Reader Comments

Post a new comment on this article

Absolute vs. Relative Data Collection

Posted by fhuszar on 03 Jan 2013 at 21:21 GMT

Thank you for the insightful analysis, my comment addresses the data collection strategy employed by the authors.

Users have valuable knowledge about the strength of their connections to others, and the purpose of this study was to design an experimental mechanism to elicit this knowledge, and then use it as ground truth for analysis of social tie strength in online social networks. I believe the proposed mechanism for eliciting user's knowledge about tie strengths is not the most effective one, mainly because it discretises the continuous tie strength into essentially binary values: 'strong' and 'weak' connections. There are a few variables and subject-level differences that this procedure does not control for, namely:

#1) absolute activity of users: some people may not communicate actively on facebook, while others use it with higher frequency

#2) total number of friends: the "top 5 closest friends on facebook" means a different thing for someone with 20 connections and someone with 300 or more.

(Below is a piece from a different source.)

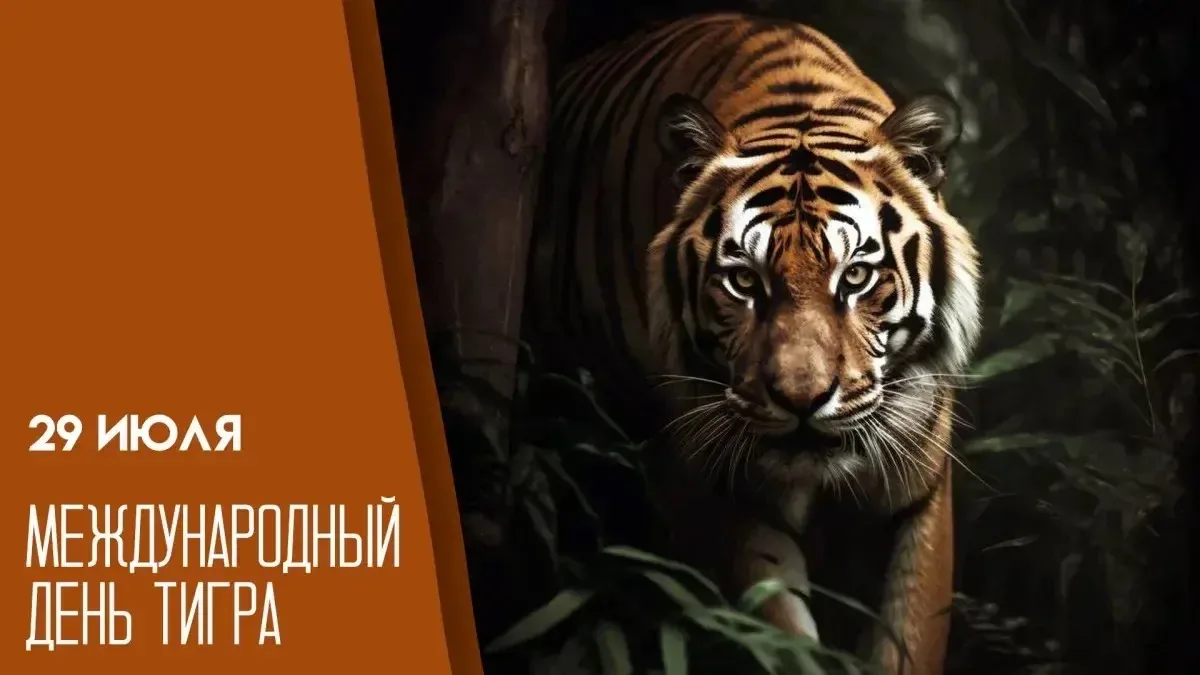 ☀️29 июля 2026 года, среда ☀️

#3) distribution of connection strengths within the users' network: even in real life, some people may have 10 very strong connections, others may not have strong connections at all. Furthermore, the threshold of connection strength above which you call someone a close friend may vary from person to person.

Any of these 3 effects may interfere with the data collection and analysis strategy employed in the paper.

An alternative data collection strategy could have used series of two-alternative forced choice (2AFC) trials: Ask the user series of questions "Who is a closer friend to you, Alice or Bob?". This concept for eliciting user opinions has been used in the past, although in slightly different context, for example in this experiment:

Binary preferentce (2AFC) data has several nice properties and advantages for inference. There are several methods that would allow you to infer real valued connection strength from this data. There are methods directly analogous to logistic regression or support vector machines; see for example (Fürnkranz & Hüllermeier, 2011, Preference Learning, Springer)

Most importantly, designing the data collection procedure this way eliminates the effect of issues #2) and #3) above. The data collection strategy remains meaningful regardless of the total number and strength of connections in the user's network. Problem #1 can probably be dealt with by normalising engagement levels by the total activity of the user, or by introducing further hidden variables to the model.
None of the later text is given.